Law ‘facially unconstitutional,’ judge says

TALLAHASSEE, Fla. – A Florida judge temporarily blocked a new 15-week abortion ban days after it took effect in the state. But a state appeal means the court’s order has automatically been stayed, keeping the law in place for the time being.

It was an expected move following an oral ruling last week in which the judge said the law violated the privacy provision of the state constitution.

Judge John C. Cooper issued the order Tuesday following a court challenge by reproductive health providers who say the state constitution guarantees a right to the procedure.

The decision came as abortion laws change at a frenzied pace across the country following the U.S. Supreme Court overturning the landmark Roe v. Wade decision.

In his order, Cooper called the law “facially unconstitutional.”

He said that he believes his written order is not affected by the recent U.S. Supreme Court decision ending 50 years of federal abortion rights, because the “right to privacy under the Florida Constitution is broader in scope than any private right under the United States Constitution.”

Cooper also wrote that the Florida Supreme Court also determined that women have a right under Florida’s privacy clause to decide whether to terminate a pregnancy at least until fetal viability.

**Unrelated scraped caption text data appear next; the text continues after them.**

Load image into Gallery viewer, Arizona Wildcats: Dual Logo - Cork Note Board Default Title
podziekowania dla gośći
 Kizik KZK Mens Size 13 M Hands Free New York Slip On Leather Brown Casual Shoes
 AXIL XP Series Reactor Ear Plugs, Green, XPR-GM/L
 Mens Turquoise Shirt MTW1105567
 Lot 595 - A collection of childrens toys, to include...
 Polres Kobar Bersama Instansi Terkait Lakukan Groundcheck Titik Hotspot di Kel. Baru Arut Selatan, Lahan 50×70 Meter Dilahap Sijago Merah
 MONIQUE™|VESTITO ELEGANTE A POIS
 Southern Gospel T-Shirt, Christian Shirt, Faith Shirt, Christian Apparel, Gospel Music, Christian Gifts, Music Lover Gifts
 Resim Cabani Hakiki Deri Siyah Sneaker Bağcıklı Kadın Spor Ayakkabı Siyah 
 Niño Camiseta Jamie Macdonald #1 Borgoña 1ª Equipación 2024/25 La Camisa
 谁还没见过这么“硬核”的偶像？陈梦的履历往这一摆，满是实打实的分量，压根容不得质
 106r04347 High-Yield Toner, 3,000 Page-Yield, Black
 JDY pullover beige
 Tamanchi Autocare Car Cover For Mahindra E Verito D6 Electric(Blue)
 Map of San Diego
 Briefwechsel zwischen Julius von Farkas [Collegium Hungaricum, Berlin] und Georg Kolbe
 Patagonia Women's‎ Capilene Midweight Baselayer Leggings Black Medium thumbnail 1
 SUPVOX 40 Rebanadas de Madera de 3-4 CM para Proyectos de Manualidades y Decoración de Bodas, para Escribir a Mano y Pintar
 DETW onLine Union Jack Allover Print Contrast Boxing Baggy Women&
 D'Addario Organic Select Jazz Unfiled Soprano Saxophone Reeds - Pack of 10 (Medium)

A legal analyst with an expertise in reproductive rights explained what underpinned the judge’s reasoning, nothing that the state constitution explicitly includes one feature the federal constitution lacks.

“The major difference between the U.S. Constitution and the Florida Constitution is that the U.S. Constitution doesn’t have that explicit right to privacy in it,” Carolina Mala Corbin, a law professor at the University of Miami, said. “The Florida Supreme Court has held more than once that the right to privacy in the conditions extends to protection for abortion. Lower courts are bound to follow.”

The state argued during the hearing that with the majority of abortions being performed under 15 weeks, HB5 will have no effect at all for most women seeking an abortion, much less cause a “significant restriction.”

Dr. Shelly Tien, a witness for the plaintiffs, told the court many fetal anomalies are not evident until after 15 weeks.

In his written order, Cooper states that HB5 bans “with extreme limited exceptions, pre-viability abortions that were previously allowed under Florida law, thus imposing a burden on the state to justify that law.”

Florida’s law had gone into effect Friday before being blocked. The state quickly filed an appeal of Cooper’s decision, meaning the law was blocked for exactly 39 minutes Tuesday.

This owes to a rule automatically putting injunctions on hold once the state appeals.

Daniel Tilley, the legal director for the American Civil Liberties Union, told Local 10 News shortly after the ruling the organization planned to file a motion with the lower court to lift the automatic stay.

The ACLU filed its motion on behalf of Planned Parenthood shortly after.

“We are entitled to an injunction because we are likely to succeed on the merits of our case,” Tilley said, saying that overturning a decades-old legal precedent “would be a radical and horrific change in Florida constitutional law.”